### Data to examine
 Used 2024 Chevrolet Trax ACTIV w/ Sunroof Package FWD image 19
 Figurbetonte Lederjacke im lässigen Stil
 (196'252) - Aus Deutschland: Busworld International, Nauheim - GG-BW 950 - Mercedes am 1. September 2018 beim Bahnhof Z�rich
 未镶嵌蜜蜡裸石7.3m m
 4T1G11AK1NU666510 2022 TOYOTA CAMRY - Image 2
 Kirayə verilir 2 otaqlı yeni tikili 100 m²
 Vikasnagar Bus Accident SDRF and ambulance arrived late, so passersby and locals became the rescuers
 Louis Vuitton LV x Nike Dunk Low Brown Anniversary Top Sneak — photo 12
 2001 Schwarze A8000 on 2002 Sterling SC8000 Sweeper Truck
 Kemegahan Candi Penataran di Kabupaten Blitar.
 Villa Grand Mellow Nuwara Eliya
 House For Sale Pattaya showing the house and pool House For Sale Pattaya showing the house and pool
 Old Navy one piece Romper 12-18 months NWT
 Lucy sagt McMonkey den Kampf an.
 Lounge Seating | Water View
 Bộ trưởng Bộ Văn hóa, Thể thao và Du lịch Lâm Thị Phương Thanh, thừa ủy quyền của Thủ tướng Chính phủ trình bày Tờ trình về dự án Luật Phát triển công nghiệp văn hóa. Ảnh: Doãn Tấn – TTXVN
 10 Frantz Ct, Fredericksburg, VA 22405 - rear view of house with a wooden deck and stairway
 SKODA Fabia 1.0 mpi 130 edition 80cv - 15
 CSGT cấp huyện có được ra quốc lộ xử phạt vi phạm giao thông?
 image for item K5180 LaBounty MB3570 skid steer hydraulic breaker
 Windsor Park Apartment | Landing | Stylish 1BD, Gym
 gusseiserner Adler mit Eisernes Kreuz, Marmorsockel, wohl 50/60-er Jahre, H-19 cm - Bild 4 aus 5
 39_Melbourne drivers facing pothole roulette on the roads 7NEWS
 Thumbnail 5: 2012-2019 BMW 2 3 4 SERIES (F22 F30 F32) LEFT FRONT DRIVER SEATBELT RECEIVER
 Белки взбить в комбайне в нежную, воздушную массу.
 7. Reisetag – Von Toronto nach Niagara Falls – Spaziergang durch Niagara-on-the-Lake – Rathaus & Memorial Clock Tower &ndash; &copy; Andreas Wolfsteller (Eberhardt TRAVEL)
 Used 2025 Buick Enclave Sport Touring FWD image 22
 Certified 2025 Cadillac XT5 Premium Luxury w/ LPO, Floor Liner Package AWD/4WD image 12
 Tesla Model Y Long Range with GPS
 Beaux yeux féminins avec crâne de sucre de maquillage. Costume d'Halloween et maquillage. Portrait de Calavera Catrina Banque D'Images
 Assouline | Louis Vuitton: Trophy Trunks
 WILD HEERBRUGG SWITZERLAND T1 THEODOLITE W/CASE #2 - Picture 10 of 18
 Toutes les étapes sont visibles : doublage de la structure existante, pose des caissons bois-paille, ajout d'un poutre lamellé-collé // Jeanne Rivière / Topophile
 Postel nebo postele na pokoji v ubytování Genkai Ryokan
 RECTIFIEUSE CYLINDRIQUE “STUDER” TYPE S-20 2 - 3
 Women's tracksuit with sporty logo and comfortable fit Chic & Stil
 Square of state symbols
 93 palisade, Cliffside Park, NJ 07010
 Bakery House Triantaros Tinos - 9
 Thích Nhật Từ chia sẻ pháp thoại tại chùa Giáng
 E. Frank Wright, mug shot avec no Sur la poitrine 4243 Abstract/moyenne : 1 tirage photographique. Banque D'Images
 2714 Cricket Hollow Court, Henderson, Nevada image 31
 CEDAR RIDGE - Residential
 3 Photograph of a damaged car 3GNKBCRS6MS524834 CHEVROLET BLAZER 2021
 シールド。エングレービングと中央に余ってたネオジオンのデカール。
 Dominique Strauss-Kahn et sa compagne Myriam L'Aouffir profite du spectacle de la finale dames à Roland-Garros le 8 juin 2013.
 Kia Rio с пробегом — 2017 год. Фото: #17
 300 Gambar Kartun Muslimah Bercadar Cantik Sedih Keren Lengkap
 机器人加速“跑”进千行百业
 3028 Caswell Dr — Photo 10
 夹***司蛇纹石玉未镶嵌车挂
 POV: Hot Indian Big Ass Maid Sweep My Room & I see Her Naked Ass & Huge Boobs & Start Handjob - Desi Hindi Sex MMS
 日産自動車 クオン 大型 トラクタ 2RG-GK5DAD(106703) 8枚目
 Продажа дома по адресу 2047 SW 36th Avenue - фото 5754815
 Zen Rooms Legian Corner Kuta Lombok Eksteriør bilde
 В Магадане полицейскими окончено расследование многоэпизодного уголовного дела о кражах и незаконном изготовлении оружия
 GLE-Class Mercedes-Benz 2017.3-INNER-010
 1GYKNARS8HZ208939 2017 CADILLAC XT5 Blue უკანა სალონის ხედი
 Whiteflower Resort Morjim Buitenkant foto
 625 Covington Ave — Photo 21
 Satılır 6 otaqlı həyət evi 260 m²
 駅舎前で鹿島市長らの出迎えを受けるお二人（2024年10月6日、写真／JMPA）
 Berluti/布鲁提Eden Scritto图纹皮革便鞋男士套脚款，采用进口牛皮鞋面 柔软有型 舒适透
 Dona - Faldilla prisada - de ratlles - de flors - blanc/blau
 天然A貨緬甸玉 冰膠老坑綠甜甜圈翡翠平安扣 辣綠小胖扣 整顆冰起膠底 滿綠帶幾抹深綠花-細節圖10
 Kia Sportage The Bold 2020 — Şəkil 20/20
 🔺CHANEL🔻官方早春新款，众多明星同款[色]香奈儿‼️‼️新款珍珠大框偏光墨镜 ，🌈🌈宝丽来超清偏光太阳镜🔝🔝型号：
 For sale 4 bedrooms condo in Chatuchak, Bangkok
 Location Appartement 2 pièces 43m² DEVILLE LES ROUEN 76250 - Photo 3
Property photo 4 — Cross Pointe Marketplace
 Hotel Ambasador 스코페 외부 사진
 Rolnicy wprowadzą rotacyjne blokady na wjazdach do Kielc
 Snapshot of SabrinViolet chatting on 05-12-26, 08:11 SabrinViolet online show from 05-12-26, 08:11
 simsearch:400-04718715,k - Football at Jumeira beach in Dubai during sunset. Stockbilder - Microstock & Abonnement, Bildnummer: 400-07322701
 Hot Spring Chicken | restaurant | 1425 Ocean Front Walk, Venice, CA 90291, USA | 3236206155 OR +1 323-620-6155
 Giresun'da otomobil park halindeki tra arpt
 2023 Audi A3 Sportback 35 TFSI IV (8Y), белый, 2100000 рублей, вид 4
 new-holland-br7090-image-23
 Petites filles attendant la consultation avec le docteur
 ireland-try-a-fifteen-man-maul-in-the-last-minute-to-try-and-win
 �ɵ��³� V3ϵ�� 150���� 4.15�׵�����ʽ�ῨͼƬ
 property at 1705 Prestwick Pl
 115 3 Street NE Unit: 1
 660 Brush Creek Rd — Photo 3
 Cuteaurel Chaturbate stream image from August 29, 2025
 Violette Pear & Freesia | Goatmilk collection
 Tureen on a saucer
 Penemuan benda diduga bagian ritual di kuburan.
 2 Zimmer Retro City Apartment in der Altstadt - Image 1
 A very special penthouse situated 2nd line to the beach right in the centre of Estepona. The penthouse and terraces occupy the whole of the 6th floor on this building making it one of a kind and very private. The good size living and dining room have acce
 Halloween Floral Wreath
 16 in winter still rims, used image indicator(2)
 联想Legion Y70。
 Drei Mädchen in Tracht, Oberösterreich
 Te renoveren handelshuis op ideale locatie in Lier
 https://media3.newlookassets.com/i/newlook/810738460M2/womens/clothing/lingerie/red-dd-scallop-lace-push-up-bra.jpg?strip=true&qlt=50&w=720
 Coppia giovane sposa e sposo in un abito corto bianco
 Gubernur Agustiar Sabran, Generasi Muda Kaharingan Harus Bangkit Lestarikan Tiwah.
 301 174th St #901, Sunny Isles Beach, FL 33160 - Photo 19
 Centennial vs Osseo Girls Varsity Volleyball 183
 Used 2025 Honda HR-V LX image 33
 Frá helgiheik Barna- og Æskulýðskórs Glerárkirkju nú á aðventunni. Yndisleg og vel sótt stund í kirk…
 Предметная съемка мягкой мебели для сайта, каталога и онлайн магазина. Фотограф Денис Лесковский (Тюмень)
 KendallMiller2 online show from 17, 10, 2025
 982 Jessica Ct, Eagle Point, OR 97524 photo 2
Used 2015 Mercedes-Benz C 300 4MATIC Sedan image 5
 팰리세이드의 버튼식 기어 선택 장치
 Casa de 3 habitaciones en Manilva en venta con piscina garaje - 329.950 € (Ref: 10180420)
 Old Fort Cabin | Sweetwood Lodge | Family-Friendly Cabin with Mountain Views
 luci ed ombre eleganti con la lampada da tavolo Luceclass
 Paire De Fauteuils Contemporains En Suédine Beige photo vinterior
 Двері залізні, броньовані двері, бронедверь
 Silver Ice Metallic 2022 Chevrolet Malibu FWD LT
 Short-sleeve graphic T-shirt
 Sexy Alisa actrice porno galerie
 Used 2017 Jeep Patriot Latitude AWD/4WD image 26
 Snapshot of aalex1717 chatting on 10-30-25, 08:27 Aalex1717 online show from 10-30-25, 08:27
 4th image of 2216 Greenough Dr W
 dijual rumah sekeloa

### What you will do
Apply a filter for "chatting" to the entries and show each line that passes.

### Exercise output
 Snapshot of SabrinViolet chatting on 05-12-26, 08:11 SabrinViolet online show from 05-12-26, 08:11
 Snapshot of aalex1717 chatting on 10-30-25, 08:27 Aalex1717 online show from 10-30-25, 08:27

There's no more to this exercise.